How to complete this task -> Output every line below without omitting or altering anything.

[Data excerpts]
________

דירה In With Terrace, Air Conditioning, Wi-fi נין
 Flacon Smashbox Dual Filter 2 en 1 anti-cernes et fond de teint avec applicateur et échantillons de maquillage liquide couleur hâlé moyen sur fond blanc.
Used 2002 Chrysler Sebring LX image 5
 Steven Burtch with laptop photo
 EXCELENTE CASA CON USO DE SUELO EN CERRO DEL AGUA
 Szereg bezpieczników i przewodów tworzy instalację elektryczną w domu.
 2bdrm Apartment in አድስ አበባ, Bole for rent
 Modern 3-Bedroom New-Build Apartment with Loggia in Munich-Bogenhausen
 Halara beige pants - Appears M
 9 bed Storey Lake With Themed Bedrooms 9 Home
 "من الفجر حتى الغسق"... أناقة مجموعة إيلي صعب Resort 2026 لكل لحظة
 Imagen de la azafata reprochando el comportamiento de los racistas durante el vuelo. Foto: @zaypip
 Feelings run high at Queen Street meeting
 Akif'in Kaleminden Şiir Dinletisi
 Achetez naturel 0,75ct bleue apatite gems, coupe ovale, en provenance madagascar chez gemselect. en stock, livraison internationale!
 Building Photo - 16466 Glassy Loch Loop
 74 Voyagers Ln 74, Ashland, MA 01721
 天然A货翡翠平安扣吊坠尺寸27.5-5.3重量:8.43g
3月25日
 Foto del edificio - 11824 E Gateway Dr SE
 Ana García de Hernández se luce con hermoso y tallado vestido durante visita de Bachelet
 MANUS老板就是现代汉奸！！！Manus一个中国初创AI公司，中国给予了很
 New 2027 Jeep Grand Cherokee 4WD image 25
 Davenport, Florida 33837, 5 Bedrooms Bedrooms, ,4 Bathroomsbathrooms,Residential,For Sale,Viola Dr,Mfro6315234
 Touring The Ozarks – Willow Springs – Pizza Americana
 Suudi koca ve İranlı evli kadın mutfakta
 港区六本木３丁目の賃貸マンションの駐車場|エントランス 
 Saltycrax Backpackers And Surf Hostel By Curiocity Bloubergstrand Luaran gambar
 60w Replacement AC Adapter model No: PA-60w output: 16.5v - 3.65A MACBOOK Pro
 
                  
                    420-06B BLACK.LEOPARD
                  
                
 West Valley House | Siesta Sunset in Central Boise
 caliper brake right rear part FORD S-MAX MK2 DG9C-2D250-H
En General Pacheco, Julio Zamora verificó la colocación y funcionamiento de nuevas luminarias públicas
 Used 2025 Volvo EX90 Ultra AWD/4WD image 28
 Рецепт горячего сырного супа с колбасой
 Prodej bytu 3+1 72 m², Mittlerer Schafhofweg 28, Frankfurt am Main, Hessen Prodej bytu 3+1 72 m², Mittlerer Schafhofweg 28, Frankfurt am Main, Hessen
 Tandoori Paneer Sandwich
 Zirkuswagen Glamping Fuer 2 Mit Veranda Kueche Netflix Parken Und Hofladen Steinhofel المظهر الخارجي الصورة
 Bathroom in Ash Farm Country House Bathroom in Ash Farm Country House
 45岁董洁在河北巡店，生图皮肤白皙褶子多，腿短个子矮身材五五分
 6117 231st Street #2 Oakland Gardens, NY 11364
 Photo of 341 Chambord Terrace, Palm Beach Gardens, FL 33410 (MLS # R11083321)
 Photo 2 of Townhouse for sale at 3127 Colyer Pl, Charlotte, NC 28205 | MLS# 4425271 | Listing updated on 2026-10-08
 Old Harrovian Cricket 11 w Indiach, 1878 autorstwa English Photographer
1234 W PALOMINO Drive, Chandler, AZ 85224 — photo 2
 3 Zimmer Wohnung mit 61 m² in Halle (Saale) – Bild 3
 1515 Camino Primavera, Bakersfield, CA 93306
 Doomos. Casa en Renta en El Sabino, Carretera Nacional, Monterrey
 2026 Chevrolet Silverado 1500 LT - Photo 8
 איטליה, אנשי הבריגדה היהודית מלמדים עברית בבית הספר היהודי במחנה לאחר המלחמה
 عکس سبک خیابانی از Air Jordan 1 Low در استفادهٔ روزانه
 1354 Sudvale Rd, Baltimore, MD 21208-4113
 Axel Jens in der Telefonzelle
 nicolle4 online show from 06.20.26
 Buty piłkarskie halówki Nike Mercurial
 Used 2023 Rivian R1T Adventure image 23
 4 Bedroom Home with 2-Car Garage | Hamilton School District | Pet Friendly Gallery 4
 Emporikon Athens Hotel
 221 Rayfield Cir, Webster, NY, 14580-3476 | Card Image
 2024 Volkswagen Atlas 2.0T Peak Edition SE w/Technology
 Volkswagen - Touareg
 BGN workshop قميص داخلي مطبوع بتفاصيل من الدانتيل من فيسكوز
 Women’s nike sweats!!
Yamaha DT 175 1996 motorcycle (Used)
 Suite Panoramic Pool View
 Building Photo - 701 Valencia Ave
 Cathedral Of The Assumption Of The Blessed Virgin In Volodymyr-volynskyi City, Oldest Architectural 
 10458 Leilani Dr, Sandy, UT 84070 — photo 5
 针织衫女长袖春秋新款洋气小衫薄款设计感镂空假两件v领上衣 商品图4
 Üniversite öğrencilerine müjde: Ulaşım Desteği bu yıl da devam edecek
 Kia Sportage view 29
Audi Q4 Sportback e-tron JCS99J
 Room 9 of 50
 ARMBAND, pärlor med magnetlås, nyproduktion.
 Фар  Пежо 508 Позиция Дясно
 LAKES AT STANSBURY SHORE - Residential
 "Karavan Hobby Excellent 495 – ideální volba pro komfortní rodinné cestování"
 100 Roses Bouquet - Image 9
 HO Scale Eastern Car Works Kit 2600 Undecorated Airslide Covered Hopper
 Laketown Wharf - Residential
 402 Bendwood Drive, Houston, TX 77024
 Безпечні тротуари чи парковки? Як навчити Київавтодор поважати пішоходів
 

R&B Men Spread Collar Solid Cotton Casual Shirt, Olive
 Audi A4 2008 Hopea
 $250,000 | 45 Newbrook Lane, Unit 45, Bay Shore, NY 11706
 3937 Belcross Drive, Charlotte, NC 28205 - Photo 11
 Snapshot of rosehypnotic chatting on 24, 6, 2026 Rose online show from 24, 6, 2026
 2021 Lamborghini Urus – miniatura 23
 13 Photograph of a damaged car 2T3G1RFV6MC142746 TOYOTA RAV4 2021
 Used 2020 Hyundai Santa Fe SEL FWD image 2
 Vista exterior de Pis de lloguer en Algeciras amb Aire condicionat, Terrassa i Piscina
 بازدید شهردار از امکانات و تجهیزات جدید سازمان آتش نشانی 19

________

Reply ->
דירה In With Terrace, Air Conditioning, Wi-fi נין
 Flacon Smashbox Dual Filter 2 en 1 anti-cernes et fond de teint avec applicateur et échantillons de maquillage liquide couleur hâlé moyen sur fond blanc.
Used 2002 Chrysler Sebring LX image 5
 Steven Burtch with laptop photo
 EXCELENTE CASA CON USO DE SUELO EN CERRO DEL AGUA
 Szereg bezpieczników i przewodów tworzy instalację elektryczną w domu.
 2bdrm Apartment in አድስ አበባ, Bole for rent
 Modern 3-Bedroom New-Build Apartment with Loggia in Munich-Bogenhausen
 Halara beige pants - Appears M
 9 bed Storey Lake With Themed Bedrooms 9 Home
 "من الفجر حتى الغسق"... أناقة مجموعة إيلي صعب Resort 2026 لكل لحظة
 Imagen de la azafata reprochando el comportamiento de los racistas durante el vuelo. Foto: @zaypip
 Feelings run high at Queen Street meeting
 Akif'in Kaleminden Şiir Dinletisi
 Achetez naturel 0,75ct bleue apatite gems, coupe ovale, en provenance madagascar chez gemselect. en stock, livraison internationale!
 Building Photo - 16466 Glassy Loch Loop
 74 Voyagers Ln 74, Ashland, MA 01721
 天然A货翡翠平安扣吊坠尺寸27.5-5.3重量:8.43g
3月25日
 Foto del edificio - 11824 E Gateway Dr SE
 Ana García de Hernández se luce con hermoso y tallado vestido durante visita de Bachelet
 MANUS老板就是现代汉奸！！！Manus一个中国初创AI公司，中国给予了很
 New 2027 Jeep Grand Cherokee 4WD image 25
 Davenport, Florida 33837, 5 Bedrooms Bedrooms, ,4 Bathroomsbathrooms,Residential,For Sale,Viola Dr,Mfro6315234
 Touring The Ozarks – Willow Springs – Pizza Americana
 Suudi koca ve İranlı evli kadın mutfakta
 港区六本木３丁目の賃貸マンションの駐車場|エントランス 
 Saltycrax Backpackers And Surf Hostel By Curiocity Bloubergstrand Luaran gambar
 60w Replacement AC Adapter model No: PA-60w output: 16.5v - 3.65A MACBOOK Pro
 
                  
                    420-06B BLACK.LEOPARD
                  
                
 West Valley House | Siesta Sunset in Central Boise
 caliper brake right rear part FORD S-MAX MK2 DG9C-2D250-H
En General Pacheco, Julio Zamora verificó la colocación y funcionamiento de nuevas luminarias públicas
 Used 2025 Volvo EX90 Ultra AWD/4WD image 28
 Рецепт горячего сырного супа с колбасой
 Prodej bytu 3+1 72 m², Mittlerer Schafhofweg 28, Frankfurt am Main, Hessen Prodej bytu 3+1 72 m², Mittlerer Schafhofweg 28, Frankfurt am Main, Hessen
 Tandoori Paneer Sandwich
 Zirkuswagen Glamping Fuer 2 Mit Veranda Kueche Netflix Parken Und Hofladen Steinhofel المظهر الخارجي الصورة
 Bathroom in Ash Farm Country House Bathroom in Ash Farm Country House
 45岁董洁在河北巡店，生图皮肤白皙褶子多，腿短个子矮身材五五分
 6117 231st Street #2 Oakland Gardens, NY 11364
 Photo of 341 Chambord Terrace, Palm Beach Gardens, FL 33410 (MLS # R11083321)
 Photo 2 of Townhouse for sale at 3127 Colyer Pl, Charlotte, NC 28205 | MLS# 4425271 | Listing updated on 2026-10-08
 Old Harrovian Cricket 11 w Indiach, 1878 autorstwa English Photographer
1234 W PALOMINO Drive, Chandler, AZ 85224 — photo 2
 3 Zimmer Wohnung mit 61 m² in Halle (Saale) – Bild 3
 1515 Camino Primavera, Bakersfield, CA 93306
 Doomos. Casa en Renta en El Sabino, Carretera Nacional, Monterrey
 2026 Chevrolet Silverado 1500 LT - Photo 8
 איטליה, אנשי הבריגדה היהודית מלמדים עברית בבית הספר היהודי במחנה לאחר המלחמה
 عکس سبک خیابانی از Air Jordan 1 Low در استفادهٔ روزانه
 1354 Sudvale Rd, Baltimore, MD 21208-4113
 Axel Jens in der Telefonzelle
 nicolle4 online show from 06.20.26
 Buty piłkarskie halówki Nike Mercurial
 Used 2023 Rivian R1T Adventure image 23
 4 Bedroom Home with 2-Car Garage | Hamilton School District | Pet Friendly Gallery 4
 Emporikon Athens Hotel
 221 Rayfield Cir, Webster, NY, 14580-3476 | Card Image
 2024 Volkswagen Atlas 2.0T Peak Edition SE w/Technology
 Volkswagen - Touareg
 BGN workshop قميص داخلي مطبوع بتفاصيل من الدانتيل من فيسكوز
 Women’s nike sweats!!
Yamaha DT 175 1996 motorcycle (Used)
 Suite Panoramic Pool View
 Building Photo - 701 Valencia Ave
 Cathedral Of The Assumption Of The Blessed Virgin In Volodymyr-volynskyi City, Oldest Architectural 
 10458 Leilani Dr, Sandy, UT 84070 — photo 5
 针织衫女长袖春秋新款洋气小衫薄款设计感镂空假两件v领上衣 商品图4
 Üniversite öğrencilerine müjde: Ulaşım Desteği bu yıl da devam edecek
 Kia Sportage view 29
Audi Q4 Sportback e-tron JCS99J
 Room 9 of 50
 ARMBAND, pärlor med magnetlås, nyproduktion.
 Фар  Пежо 508 Позиция Дясно
 LAKES AT STANSBURY SHORE - Residential
 "Karavan Hobby Excellent 495 – ideální volba pro komfortní rodinné cestování"
 100 Roses Bouquet - Image 9
 HO Scale Eastern Car Works Kit 2600 Undecorated Airslide Covered Hopper
 Laketown Wharf - Residential
 402 Bendwood Drive, Houston, TX 77024
 Безпечні тротуари чи парковки? Як навчити Київавтодор поважати пішоходів
 

R&B Men Spread Collar Solid Cotton Casual Shirt, Olive
 Audi A4 2008 Hopea
 $250,000 | 45 Newbrook Lane, Unit 45, Bay Shore, NY 11706
 3937 Belcross Drive, Charlotte, NC 28205 - Photo 11
 Snapshot of rosehypnotic chatting on 24, 6, 2026 Rose online show from 24, 6, 2026
 2021 Lamborghini Urus – miniatura 23
 13 Photograph of a damaged car 2T3G1RFV6MC142746 TOYOTA RAV4 2021
 Used 2020 Hyundai Santa Fe SEL FWD image 2
 Vista exterior de Pis de lloguer en Algeciras amb Aire condicionat, Terrassa i Piscina
 بازدید شهردار از امکانات و تجهیزات جدید سازمان آتش نشانی 19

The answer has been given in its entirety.